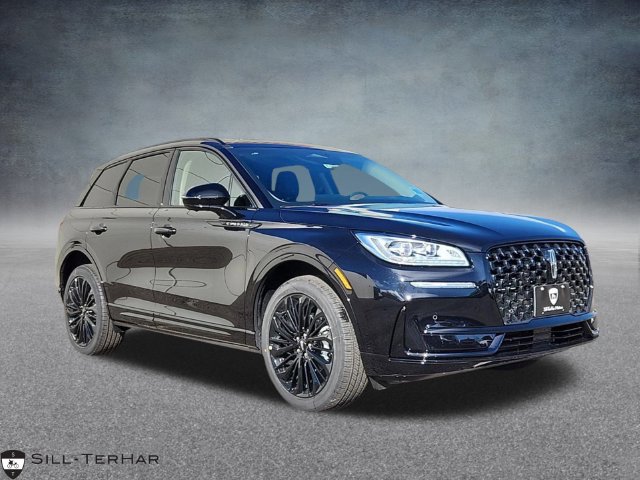New 2025 Lincoln Corsair Reserve w/ Equipment Group 202A AWD/4WD image 1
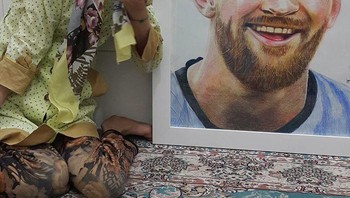 Selain Ranaldo, ia juga melukis wajah Lionel Messi. (Foto: Instagram/fatemehamami)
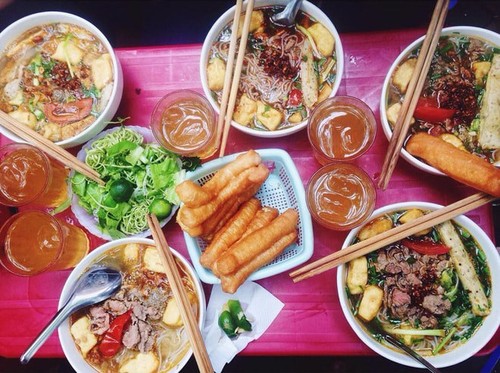 品尝征服国际食客并入选亚洲最佳食品的越式蟹汤米线 - ảnh 2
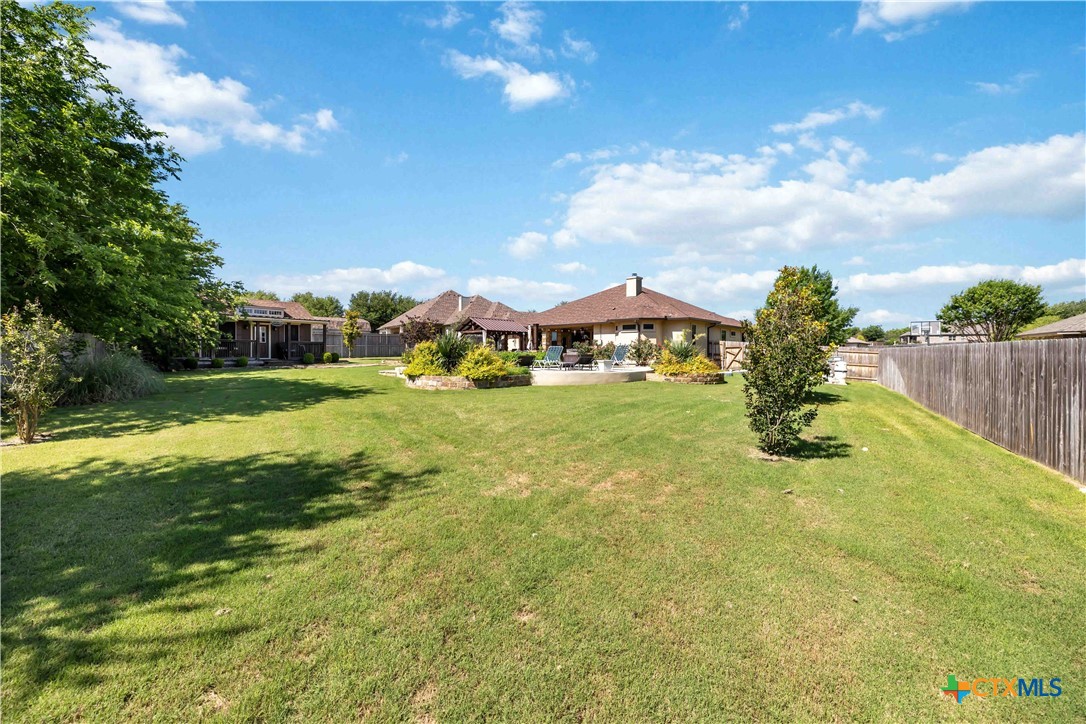 main property photo 23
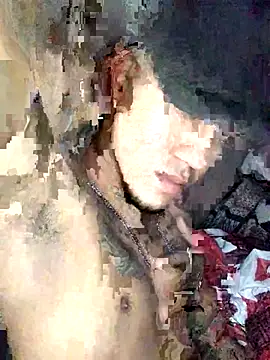 Snapshot of tattoos22 chatting on November 2, 10:15 pm tattoos22 online show from November 2, 10:15 pm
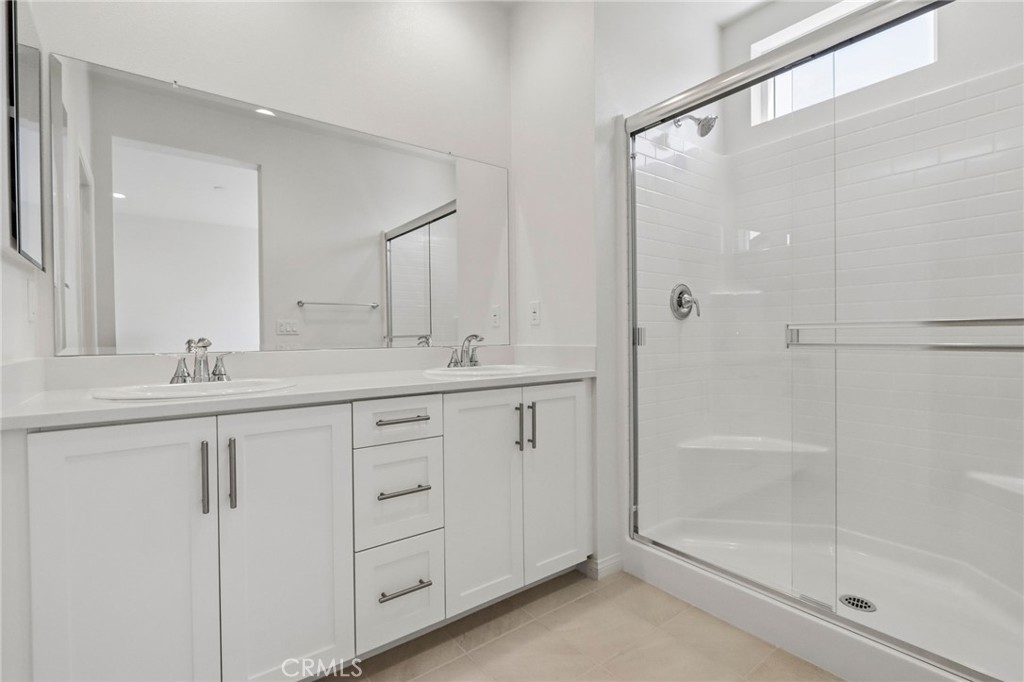 5868 Linden, Unit 6 Long Beach, CA 90805 - Photo 20 of 34 a bathroom with double sink and a mirror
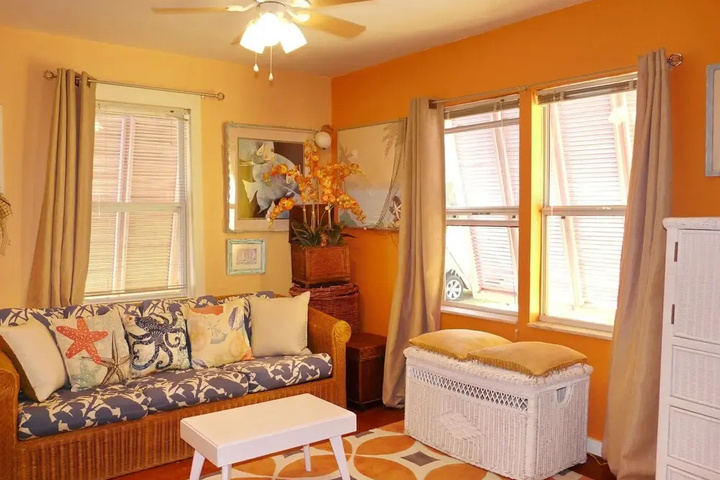 Room 2 of 16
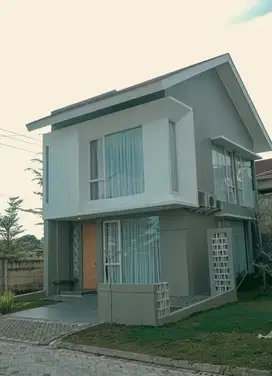 RUMAH MEWAH DI LOKASI YANG ASRI MAKASSAR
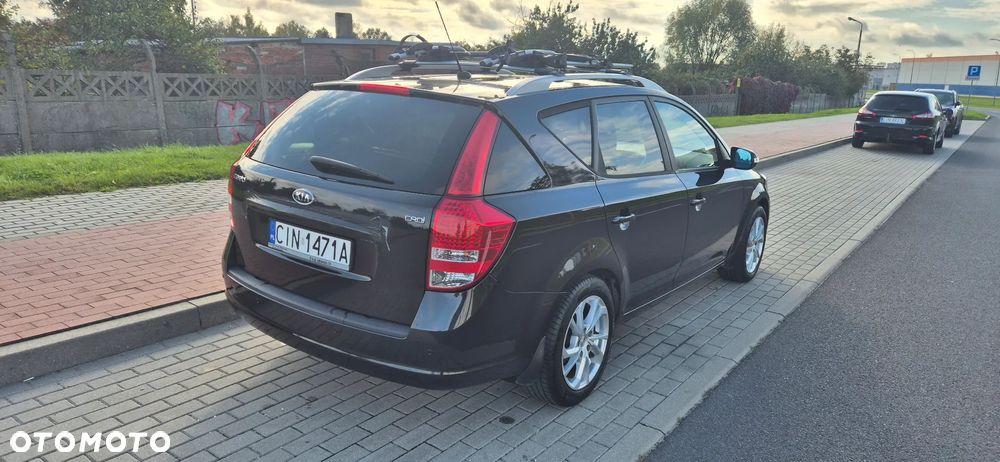 Kia Ceed - 4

▶ **ACTION ITEM**:
In the data above, find the line containing "5868 Linden, Unit", then output it and every later line exactly, without the pictures.

▶ **REPLY**:
 5868 Linden, Unit 6 Long Beach, CA 90805 - Photo 20 of 34 a bathroom with double sink and a mirror
 Room 2 of 16
 RUMAH MEWAH DI LOKASI YANG ASRI MAKASSAR
 Kia Ceed - 4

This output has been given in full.